W3C home > Mailing lists > Public > www-html-editor@w3.org > July to September 2006

XHTML Modularization 1.1: Lazy datatype patterns in XML Schema

From: Alexandre Alapetite <alexandre@alapetite.net>
Date: Thu, 6 Jul 2006 15:26:10 +0200
To: <www-html-editor@w3.org>
Message-ID: <000401c6a0ff$bebed580$f9043f50@athlon1100>

Dear HTML editors,

One of the advantages of XML Schema over DTDs is the possibility to verify the validity of attributes with regular expression

1) In the current working draft specification for "XHTML Modularization 1.1", chapter 4.3 on "Attribute Types", the MultiLengths
datatype is defined as "A comma separated list of items of type MultiLength"

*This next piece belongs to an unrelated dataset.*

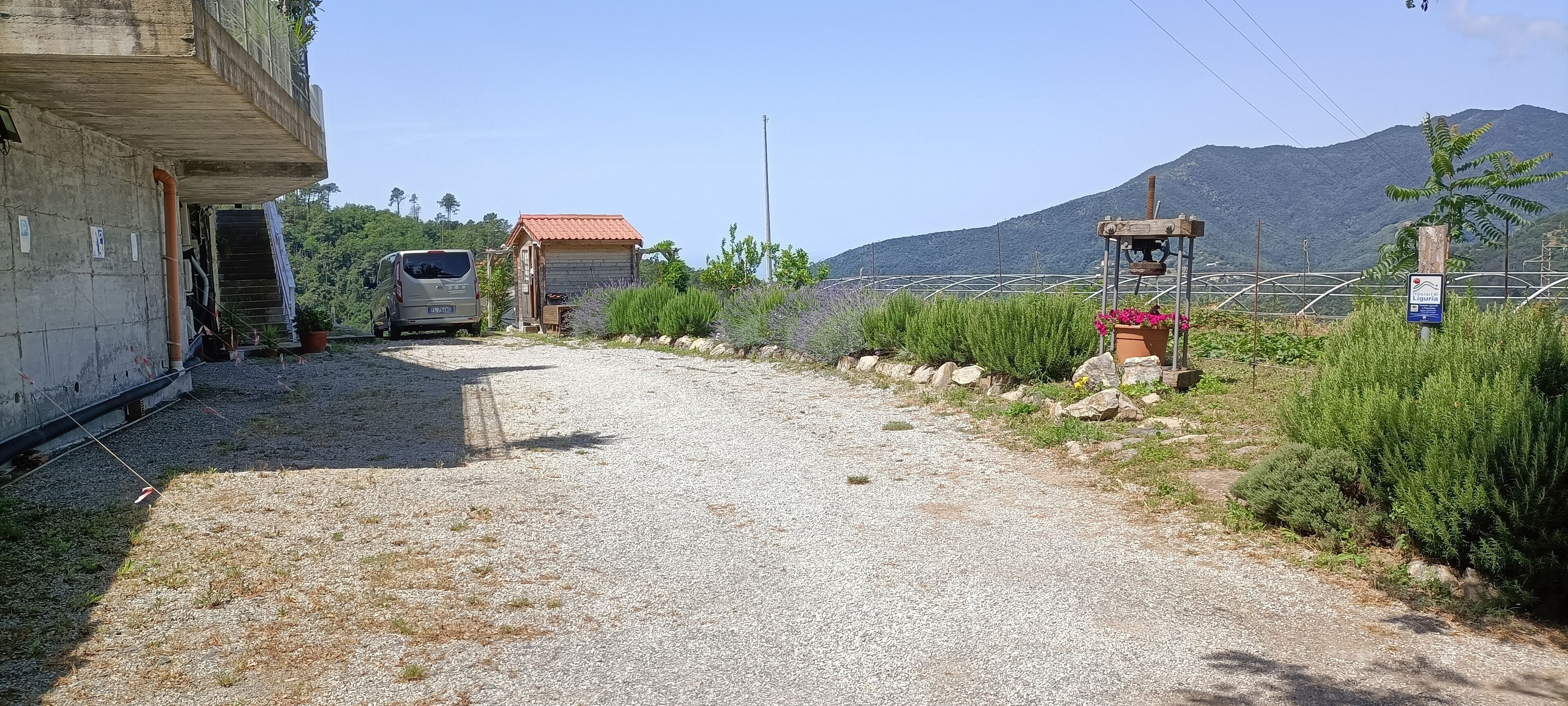 A gravel path leading to a building with a red roof, a parked van, and a signboard.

While the "MultiLength" (without 's') is carefully defined in the "XML Schema datatypes module for XHTML"
the "MultiLengths" type is still only defined as a banal string, which means that this lazy validation allows almost anything
and does not check for constraints required by the specification.

Lines 120-123 of xhtml-datatypes-1.xsd:

 <!-- comma-separated list of MultiLength -->
 <xs:simpleType name="MultiLengths">
   <xs:restriction base="xs:string"/>

A proposition has been made for a more accurate pattern. See [http://lists.w3.org/Archives/Public/www-html/2006Jun/0033.html]
[http://lists.w3.org/Archives/Public/www-html/2006Jun/0031.html] for a proposition of improvement, also reported bellow:

 <xs:simpleType name="MultiLengths">
       comma-separated list of MultiLength
   <xs:restriction base="xs:string">

2) Similarly, the datatypes "ContentType" ("A comma-separated list of media types, as per [RFC2045]") and "ContentTypes" ("A
media type, as per [RFC2045]") are also defined as banal strings, while some basic validation could be done. RFC2045 does
provide with a BNF.

The patterns should of course not list all the possible IANA types [http://www.iana.org/assignments/media-types/], but check at
least for some minimal syntax integrity.

A quickly written proposition (to be tested) only aimed to be illustrative:

ContentType: "([xX]-[a-zA-Z0-9_.+-]+|[a-zA-Z]+)/[a-zA-Z0-9_.+-]+"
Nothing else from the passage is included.